» **WHAT YOU ARE ASKED TO DO**
Although the data below holds other lines too, output only those from the line with "Condominio en venta" up to and including the line with "Ноутбук Samsung R425", exactly as they appear.

» **INPUT DATA**
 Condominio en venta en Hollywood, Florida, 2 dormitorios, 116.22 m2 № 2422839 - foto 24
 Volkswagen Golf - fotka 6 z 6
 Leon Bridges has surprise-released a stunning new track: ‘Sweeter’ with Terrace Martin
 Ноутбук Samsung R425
...
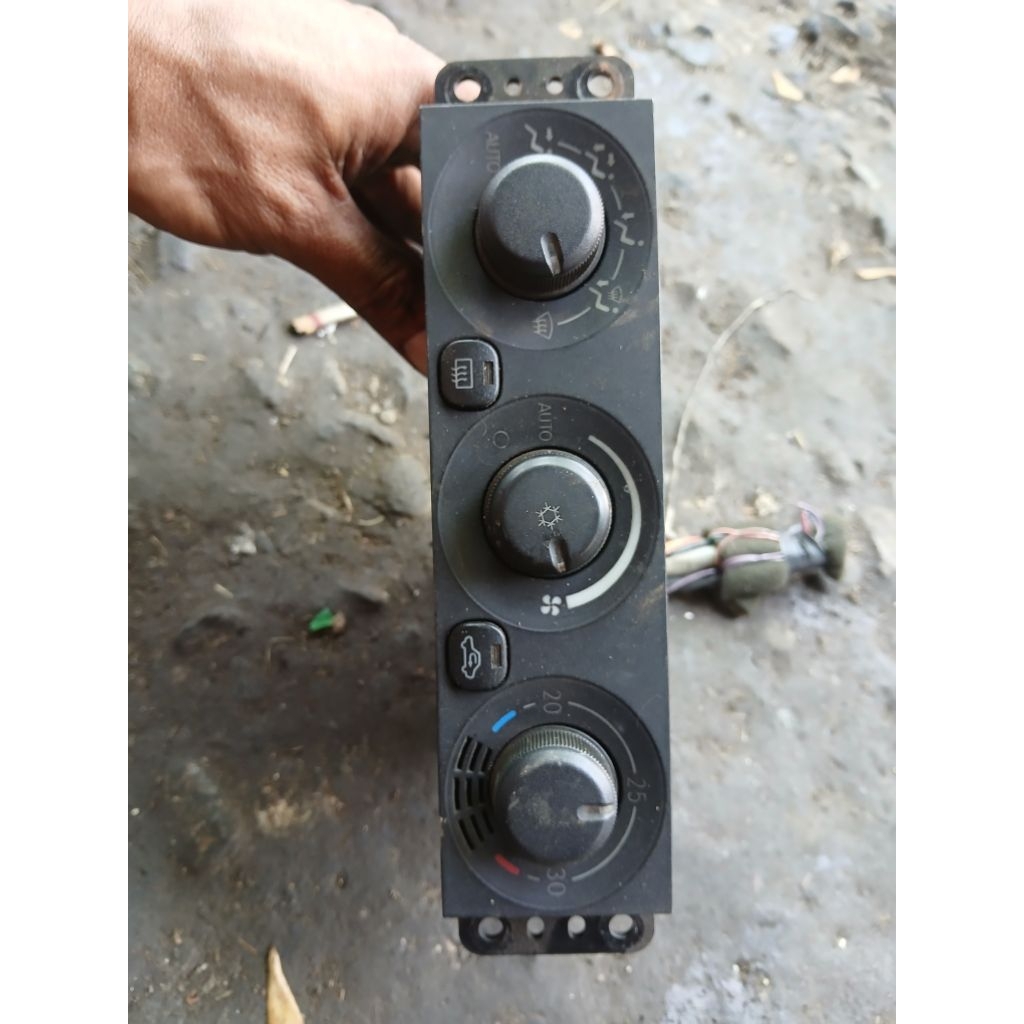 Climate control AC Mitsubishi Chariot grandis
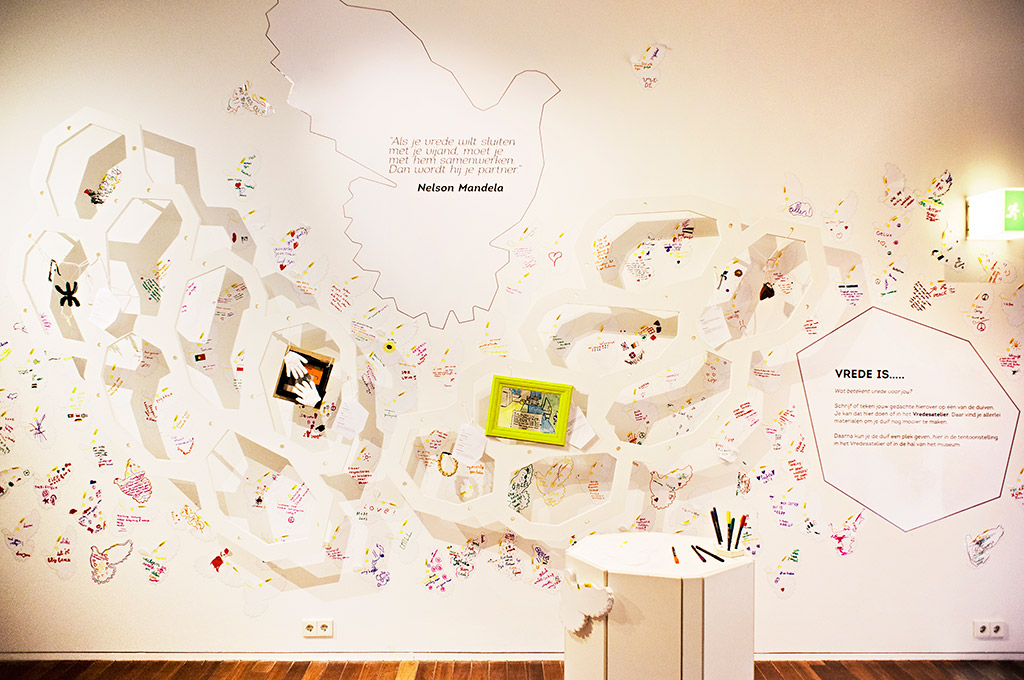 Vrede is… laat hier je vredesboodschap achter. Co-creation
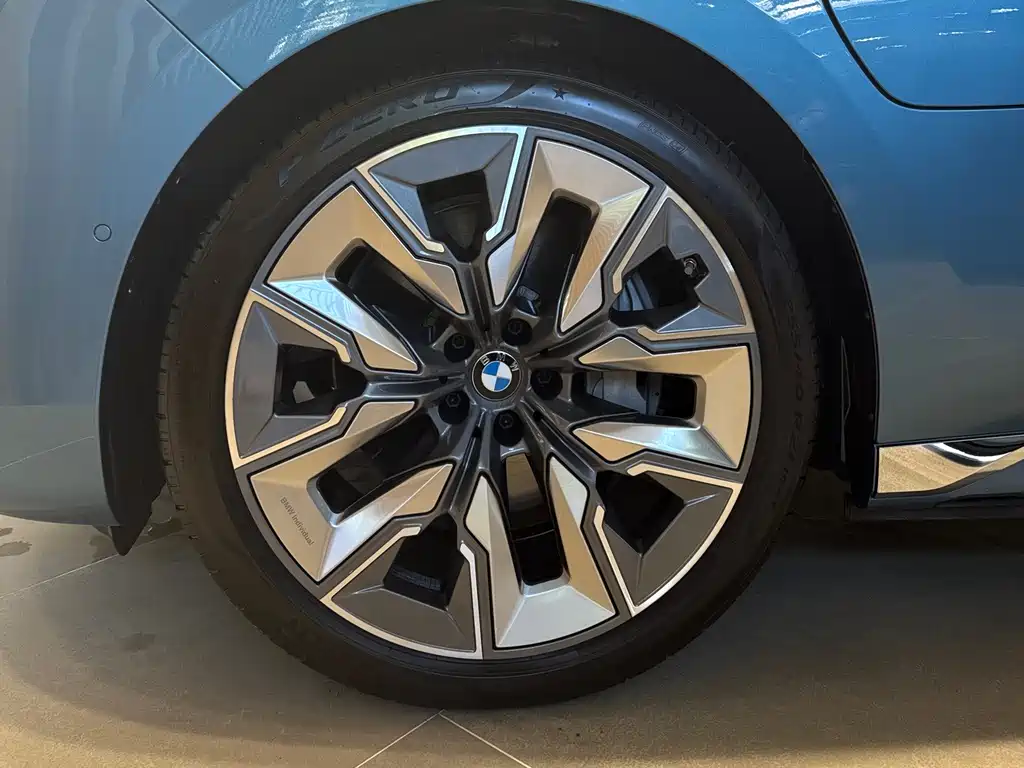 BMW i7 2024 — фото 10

» **ANSWER BELOW**
 Condominio en venta en Hollywood, Florida, 2 dormitorios, 116.22 m2 № 2422839 - foto 24
 Volkswagen Golf - fotka 6 z 6
 Leon Bridges has surprise-released a stunning new track: ‘Sweeter’ with Terrace Martin
 Ноутбук Samsung R425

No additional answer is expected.